• _PROBLEM REQUIREMENTS_: What you write should be an exact repeat of the lines from the one with "Image: JV cornerback" through the final line below, minus the pictures.

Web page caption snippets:
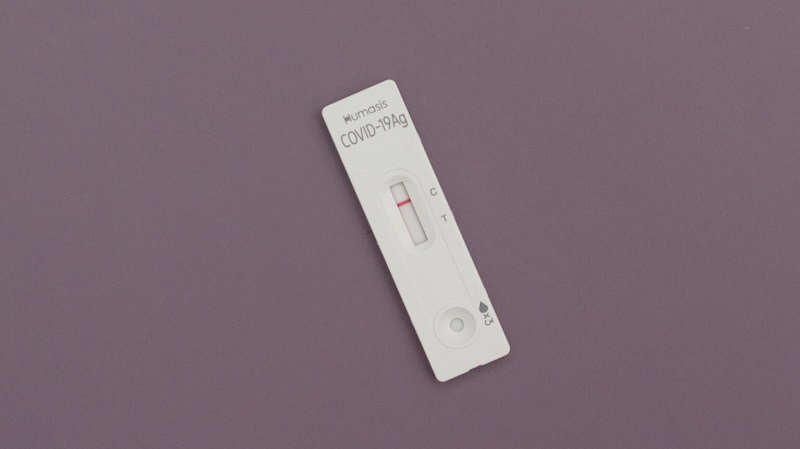 kết quả x&eacute;t nghiệm tr&ecirc;n dụng cụ x&eacute;t nghiệm nhanh Covid-19 Humasis 1 Test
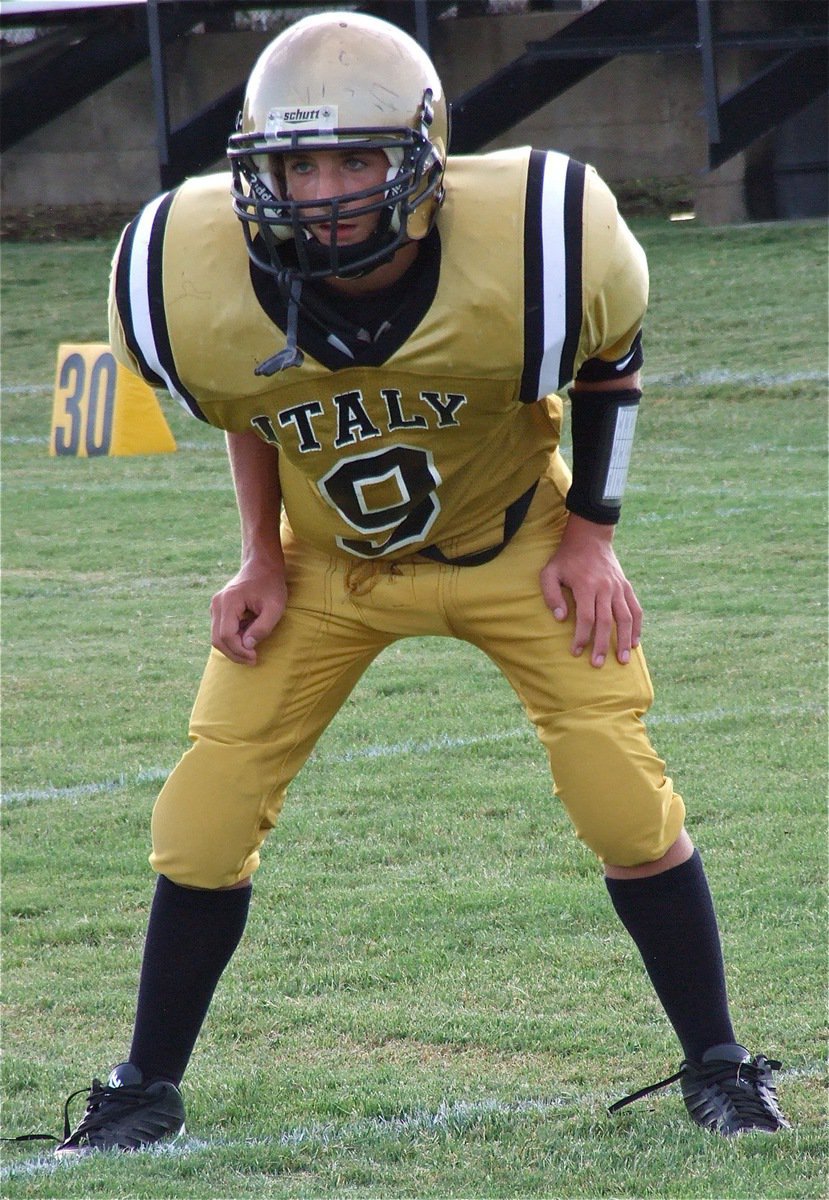 Image: JV cornerback Levi McBride(9) awaits the snap of the ball for Italy.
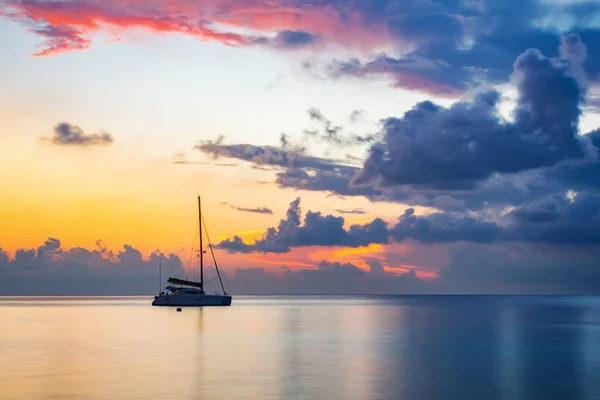 Nascer do sol sobre o oceano — Fotografia de Stock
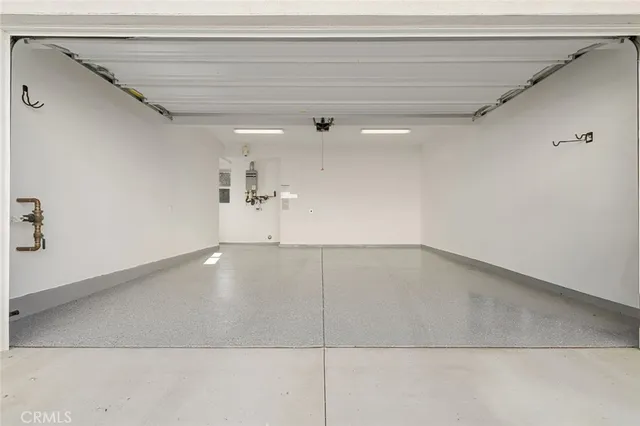 a view of a livingroom with an empty space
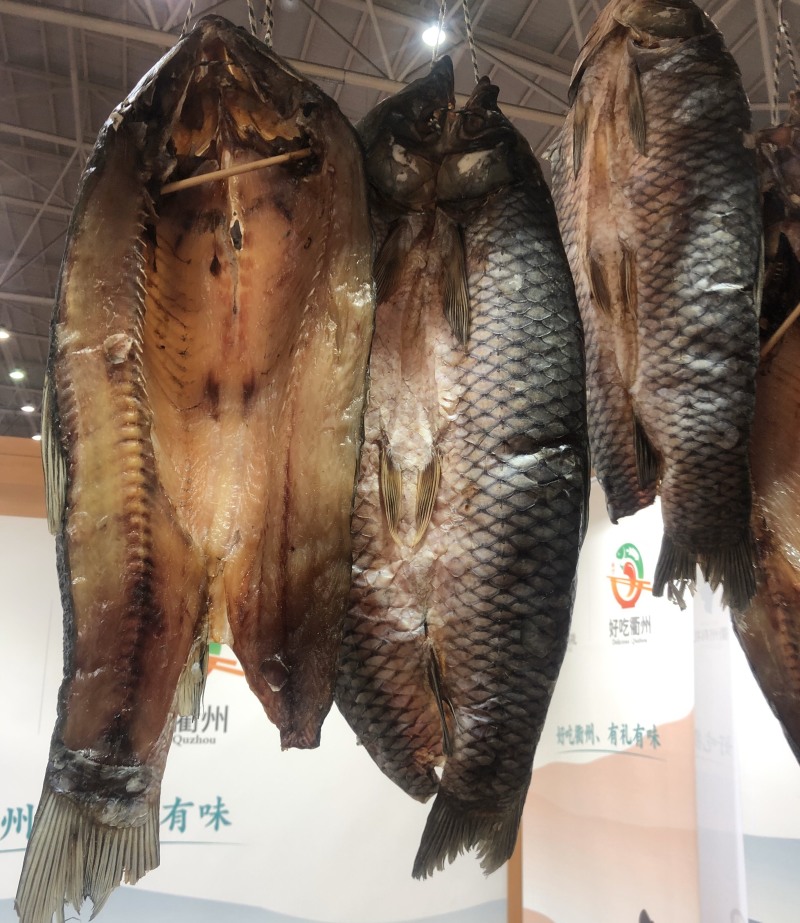 湖之味定制风味风干手撕鲫鱼、饭蒸鱼、刁子鱼，红尾鱼、鱼块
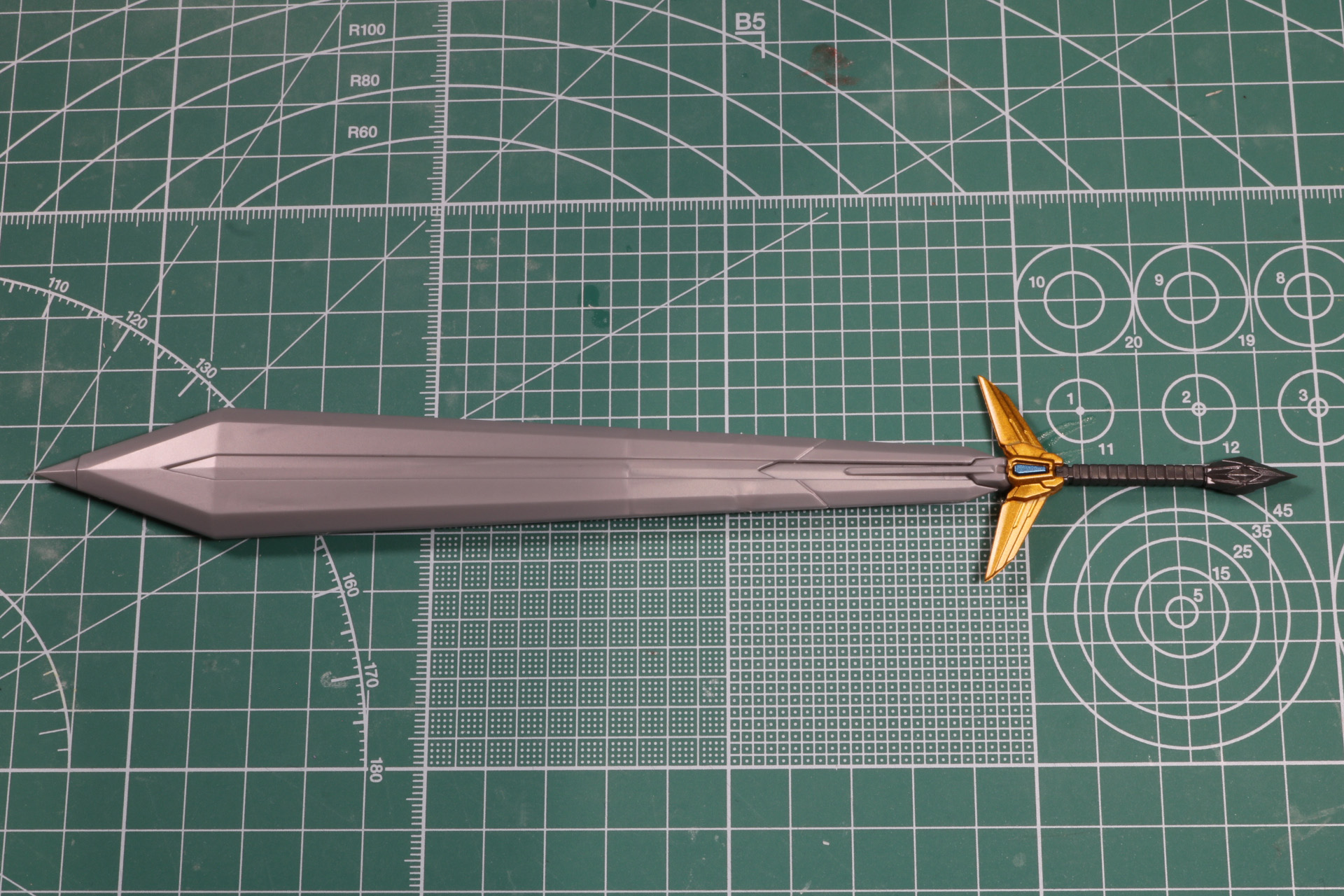 組み上げると約210mmのサイズ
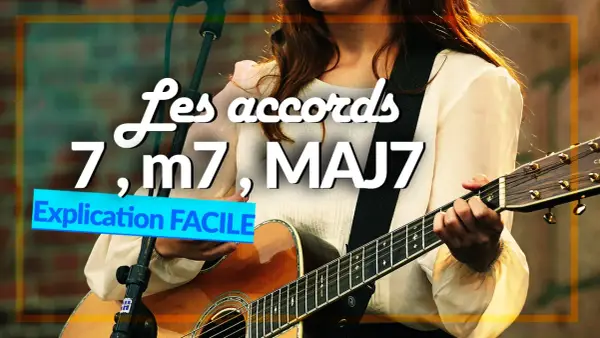 Une musicienne joue de la guitare, expliquant les accords 7, m7, MAJ7.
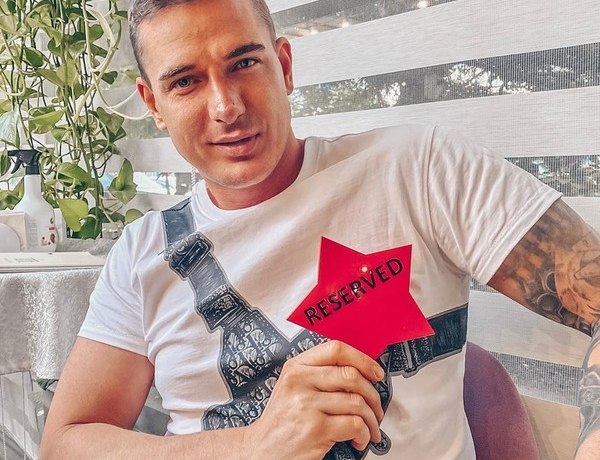 Курбан Омаров &ndash; Ксении Собчак: &laquo;Удобно любить Россию издалека&raquo;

• _RESPONSE TO THIS EXERCISE_:
 Image: JV cornerback Levi McBride(9) awaits the snap of the ball for Italy.
 Nascer do sol sobre o oceano — Fotografia de Stock
 a view of a livingroom with an empty space
 湖之味定制风味风干手撕鲫鱼、饭蒸鱼、刁子鱼，红尾鱼、鱼块
 組み上げると約210mmのサイズ
 Une musicienne joue de la guitare, expliquant les accords 7, m7, MAJ7.
 Курбан Омаров &ndash; Ксении Собчак: &laquo;Удобно любить Россию издалека&raquo;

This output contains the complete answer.